### EXERCISE DETAILS
Write out exactly the lines below from the one containing "And the angels" to the last, both ends kept, and nothing more; skip all pictures.

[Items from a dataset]
* * * * * * * * *

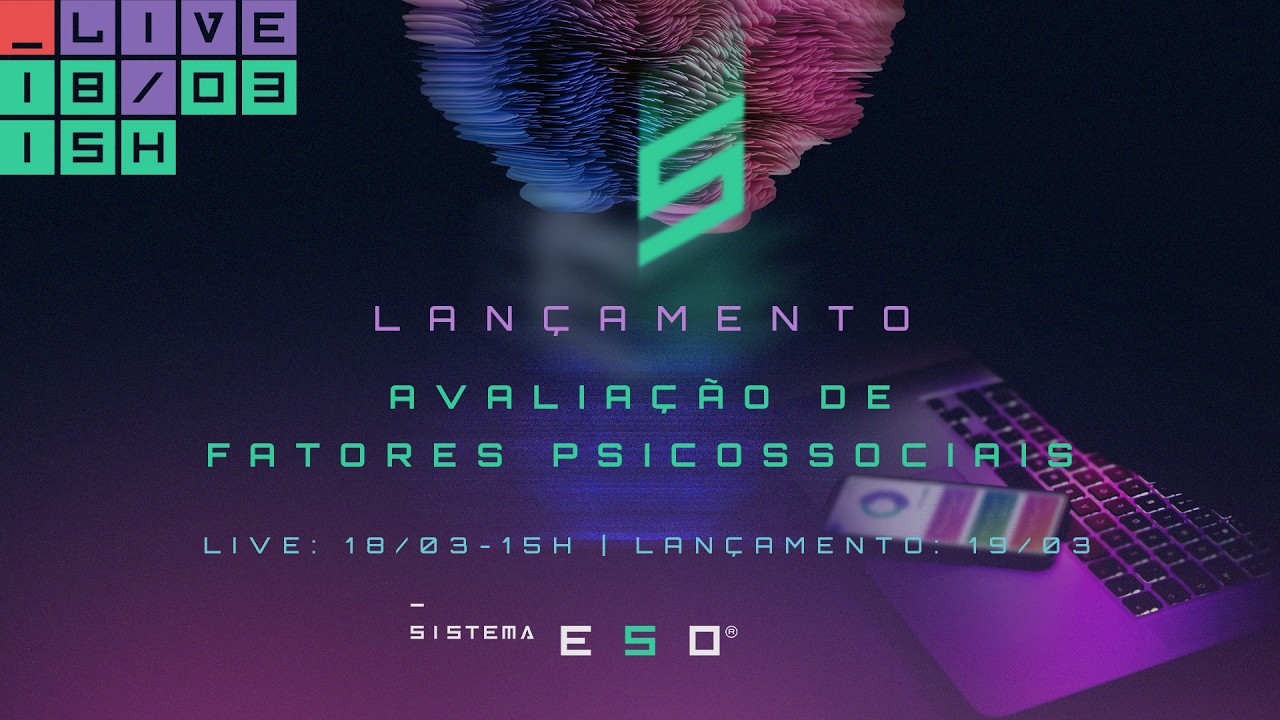 Lançamento: Avaliação de Fatores Psicossociais no Sistema ESO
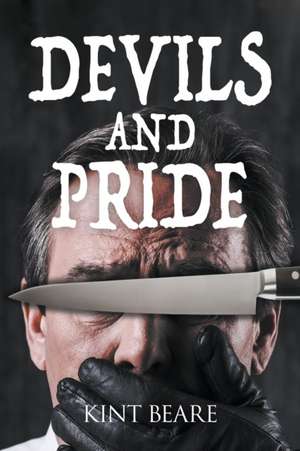 Beare, K: Devils and Pride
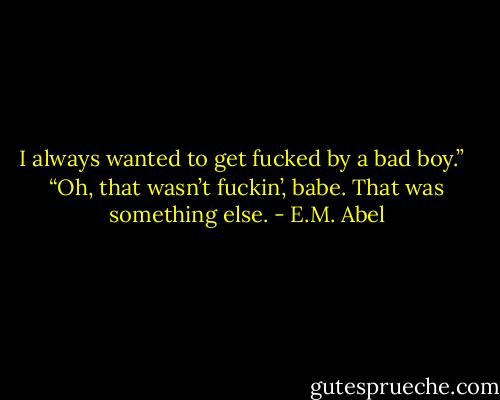 I always wanted to get fucked by a bad boy.” <br /><br />“Oh, that wasn’t fuckin’, babe. That was something else. - E.M. Abel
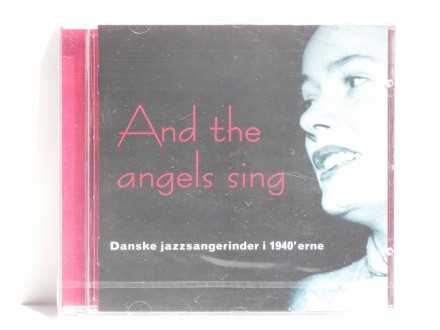 And the angels sing Danske jazzsangerinder u celofanu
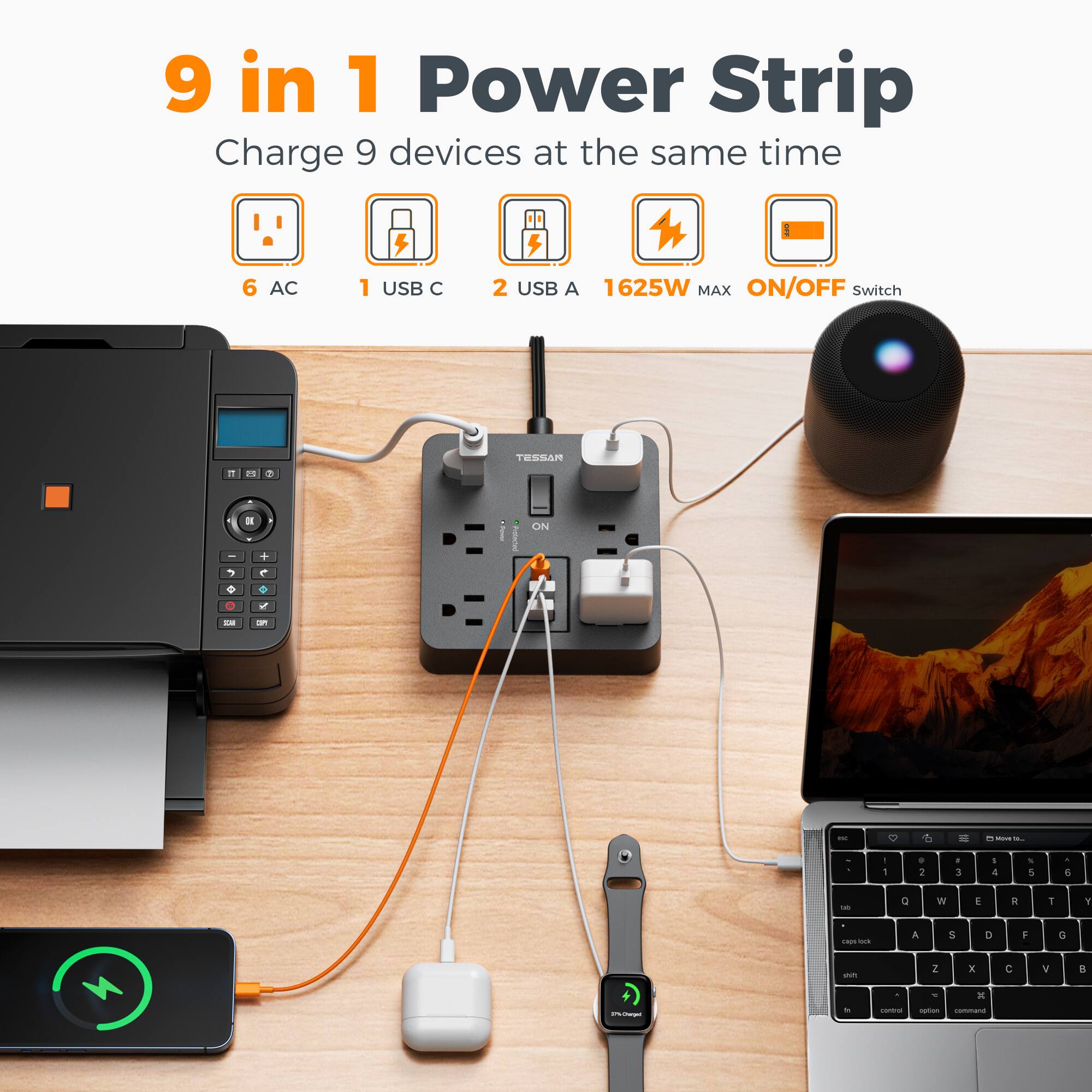 9 in 1 Power Strip  
Charge 9 devices at the same time  
6 AC  
1 USB C  
2 USB A  
1625W MAX  
ON/OFF Switch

* * * * * * * * *

### RESPONSE AREA
 And the angels sing Danske jazzsangerinder u celofanu
 9 in 1 Power Strip  
Charge 9 devices at the same time  
6 AC  
1 USB C  
2 USB A  
1625W MAX  
ON/OFF Switch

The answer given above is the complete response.